• [Task] Give again, word for word, the lines below that run from the line with "THAILAND AYUTTHAYA WAT PHU KHAO THONG" through the line with "西雅图新闻 SeattleCH". Drop the pictures.

• [Information provided]
☆ ☆ ☆ ☆ ☆ ☆ ☆

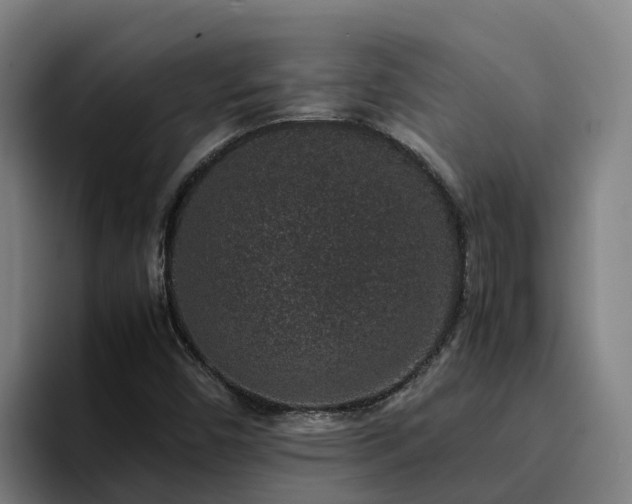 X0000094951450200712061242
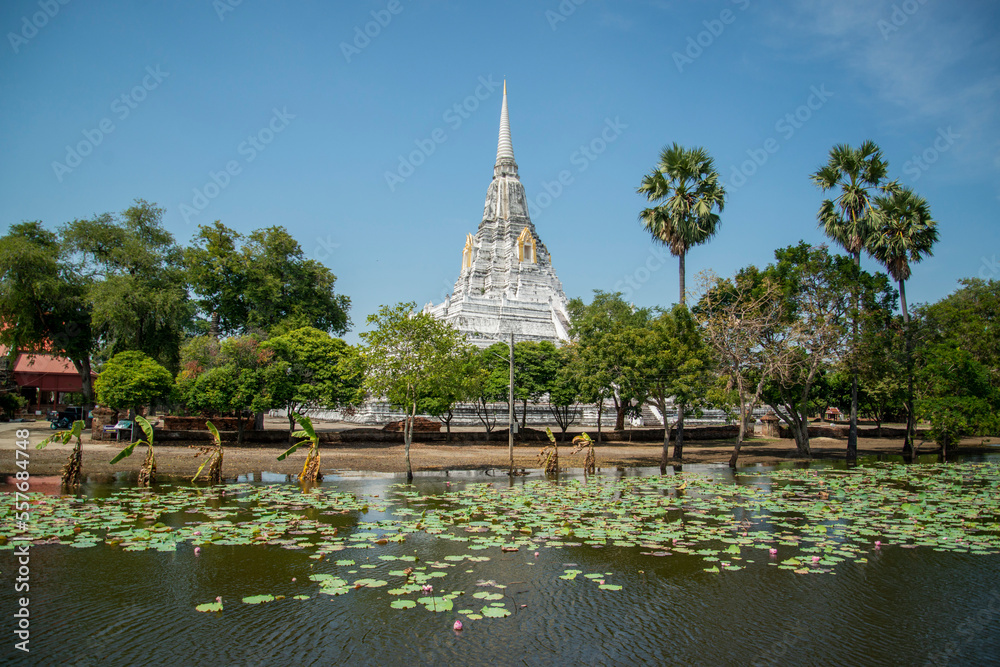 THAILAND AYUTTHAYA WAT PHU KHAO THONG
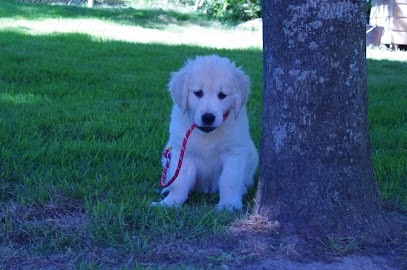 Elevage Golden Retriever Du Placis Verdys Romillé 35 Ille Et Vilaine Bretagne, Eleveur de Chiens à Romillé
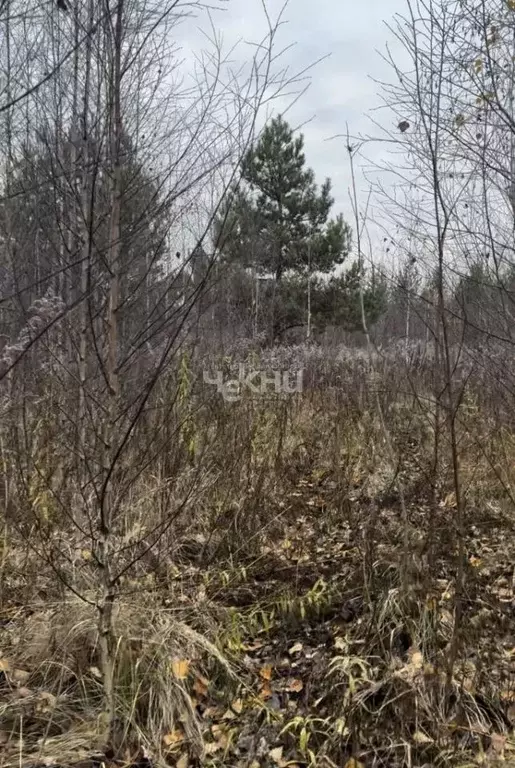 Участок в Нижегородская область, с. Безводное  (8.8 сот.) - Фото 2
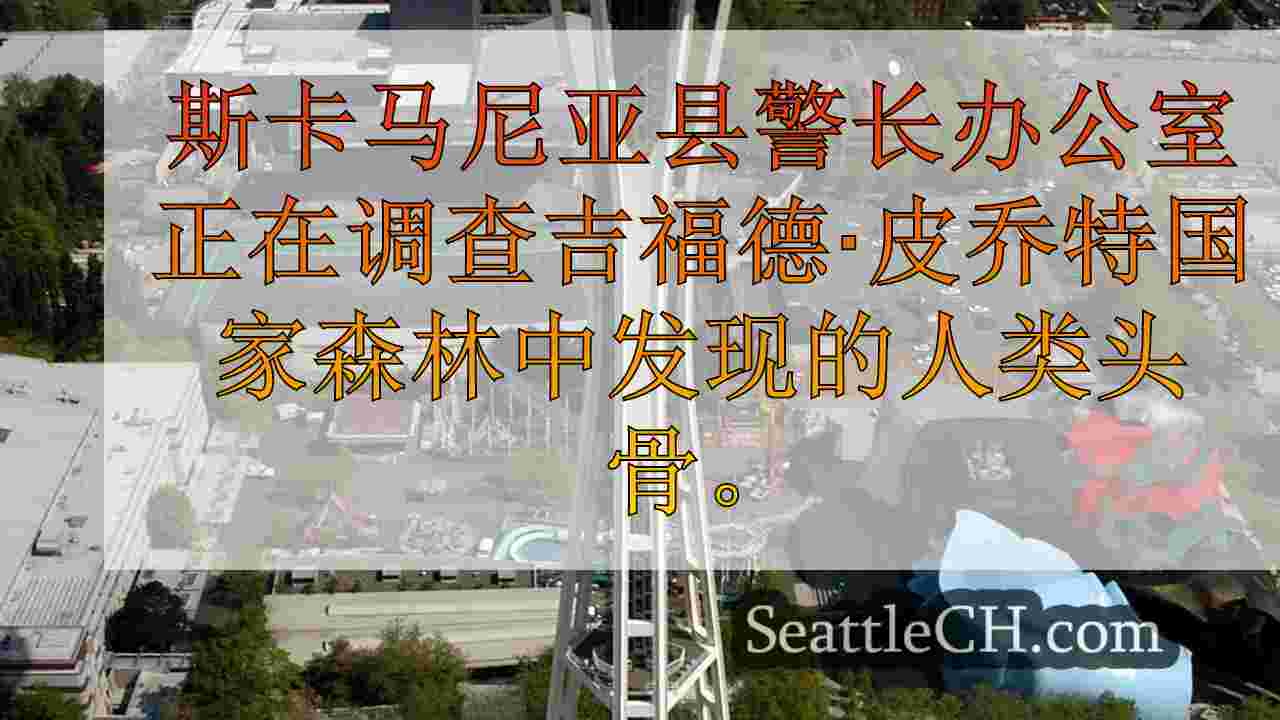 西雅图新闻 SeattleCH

☆ ☆ ☆ ☆ ☆ ☆ ☆

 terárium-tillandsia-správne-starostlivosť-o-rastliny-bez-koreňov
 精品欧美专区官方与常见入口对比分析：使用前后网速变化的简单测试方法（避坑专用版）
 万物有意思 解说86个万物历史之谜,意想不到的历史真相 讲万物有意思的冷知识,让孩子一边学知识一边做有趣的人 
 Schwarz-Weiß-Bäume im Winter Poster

☆ ☆ ☆ ☆ ☆ ☆ ☆

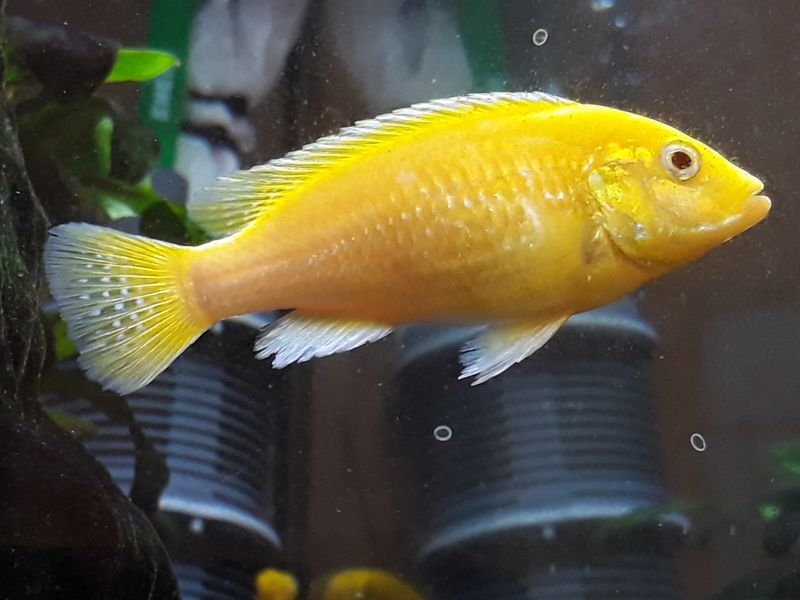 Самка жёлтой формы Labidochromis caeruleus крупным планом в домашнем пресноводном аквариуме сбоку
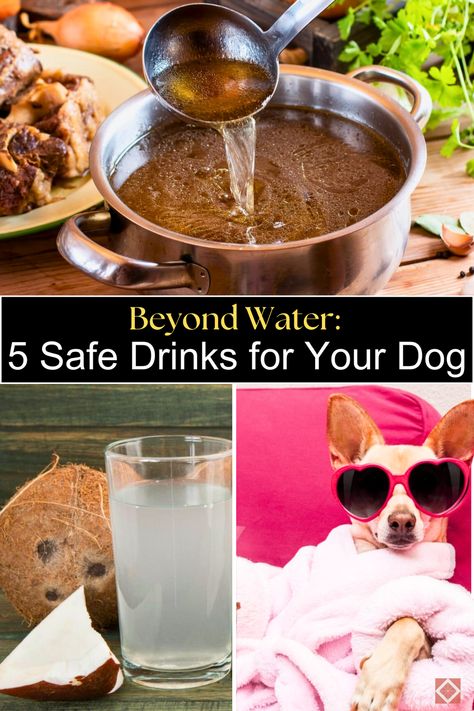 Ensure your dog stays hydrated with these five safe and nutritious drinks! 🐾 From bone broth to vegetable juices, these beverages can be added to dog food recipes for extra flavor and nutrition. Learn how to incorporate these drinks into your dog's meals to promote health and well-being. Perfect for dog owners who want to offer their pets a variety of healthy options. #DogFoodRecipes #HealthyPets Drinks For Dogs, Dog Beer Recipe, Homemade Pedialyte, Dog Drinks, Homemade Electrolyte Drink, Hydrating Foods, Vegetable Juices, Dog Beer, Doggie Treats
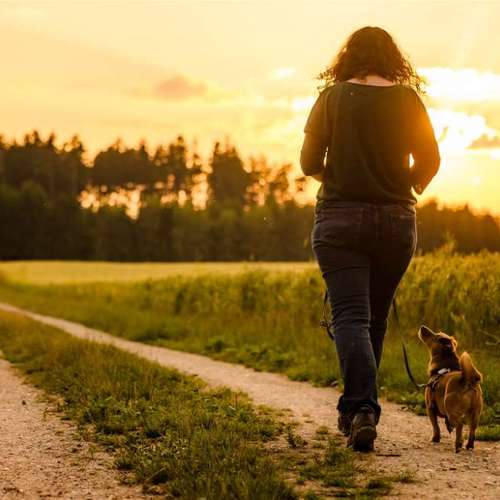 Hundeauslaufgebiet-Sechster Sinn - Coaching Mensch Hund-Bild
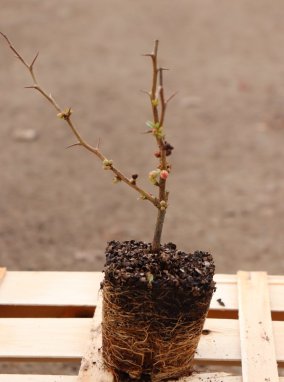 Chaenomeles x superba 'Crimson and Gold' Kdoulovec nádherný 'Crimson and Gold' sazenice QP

☆ ☆ ☆ ☆ ☆ ☆ ☆

• [Solution]
 THAILAND AYUTTHAYA WAT PHU KHAO THONG
 Elevage Golden Retriever Du Placis Verdys Romillé 35 Ille Et Vilaine Bretagne, Eleveur de Chiens à Romillé
 Участок в Нижегородская область, с. Безводное  (8.8 сот.) - Фото 2
 西雅图新闻 SeattleCH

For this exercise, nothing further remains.